What would Jesus say to Barnaby Joyce?

Originally published in Eternity News.

John Sandeman wrote in Eternity last week that while everyone else has been talking about Barnaby’s woes, church leaders have been silent.  I have tried to imagine what I might say to Barnaby if he were to ring me as a pastor and ask to meet? With marriage breakdown so common, it wasn’t too hard to work out what to say.  If you are in a similar situation I hope you will find this imagined conversation helpful.

Hi Barnaby, thanks for coming to see me. It’s a bit weird meeting each other for the first time, in such circumstances.

I think it’s best for this conversation if I as much as is possible we put aside the Deputy Prime Minister thing and just think of you as a child of God, a man, husband and father.  Because even though it might be hard to see this in the middle of the political cyclone that you are in at the moment, that’s actually what’s important.  Your relationship with God and with your family are what’s going to matter in twenty, thirty years time. And then later we might think about the politics.
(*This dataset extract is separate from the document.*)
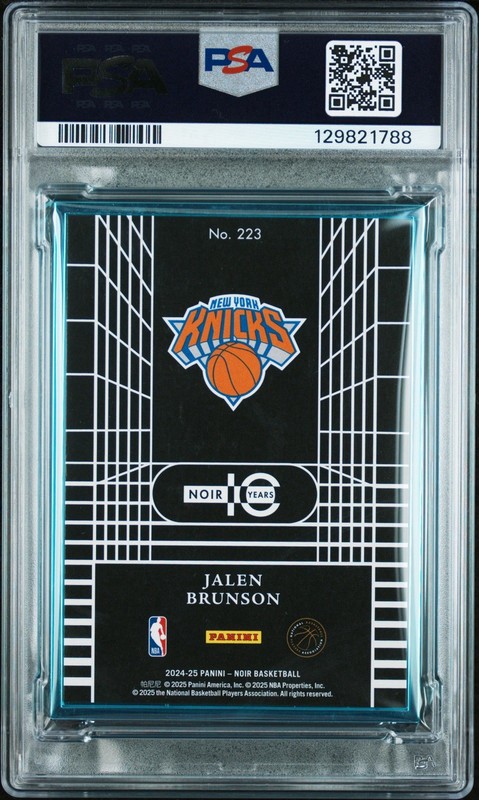 2024 Panini Noir Jalen Brunson City Edition Holo Platinum #1/1 KNICKS PSA AUTH view 2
I saw your media conference this morning saying, ‘I would not wish on friend nor foe, the hurt, the scrutiny, the intense intrusion in your lives that I have gone through this in this process.’  I have been feeling, hurting and praying for you in this.  I only have the tiniest glimpse of the world of pain and confusion that you are in.  Today I prayed for you and Natalie, as well as your daughters, Vicky and your unborn son.

Like you I was married in 1993, and if things broke down between me and Catherine, I just know that I would not be thinking clearly.  We are so intertwined in our everything, that I just can’t imagine how you have held it together over the last 12 months, with your marriage going south, the by-election. If it was me, my world would be imploding.

But let’s start with the breakdown of your marriage. No matter whether the sex with Vicky Campion started before or after your formal split with Natalie, whether it happened when Vicky was a member of your staff or not, either way you have broken the promise that you made to Natalie. The promise to love her above all others, for richer, poorer, better or worse.

Our experience has been in running ten or more Divorce Care courses, is that people in the midst of marriage breakdown often go unstable for a period, and run to rebound relationships which rarely turn out to be long term.

There’s two issues, the vertical and the horizontal. First, there’s fixing it vertically with God, then there’s fixing it with your wife and then your daughters.  Then there will be conversations with Vicky and eventually much later your unborn son.  They are the priorities.  In twenty years time, they are going to be the relationships that matter

All of those come before the short term political relationships.  

Let’s think about God first.  When people marry in a church they marry before God.  So to break a marriage vow (which you have done), is not just a horizontal problem, it’s a vertical one as well.  How do we fix this relationship? Jesus says, through his Apostle John, in 1John 1:8:

‘If we say, “We have no sin,” we are deceiving ourselves, and the truth is not in us.’ (1John 1:8)

Or from a sentence later in sentence 10:

‘If we say, “We don’t have any sin,” we make Him a liar, and His word is not in us.’ (1John 1:10)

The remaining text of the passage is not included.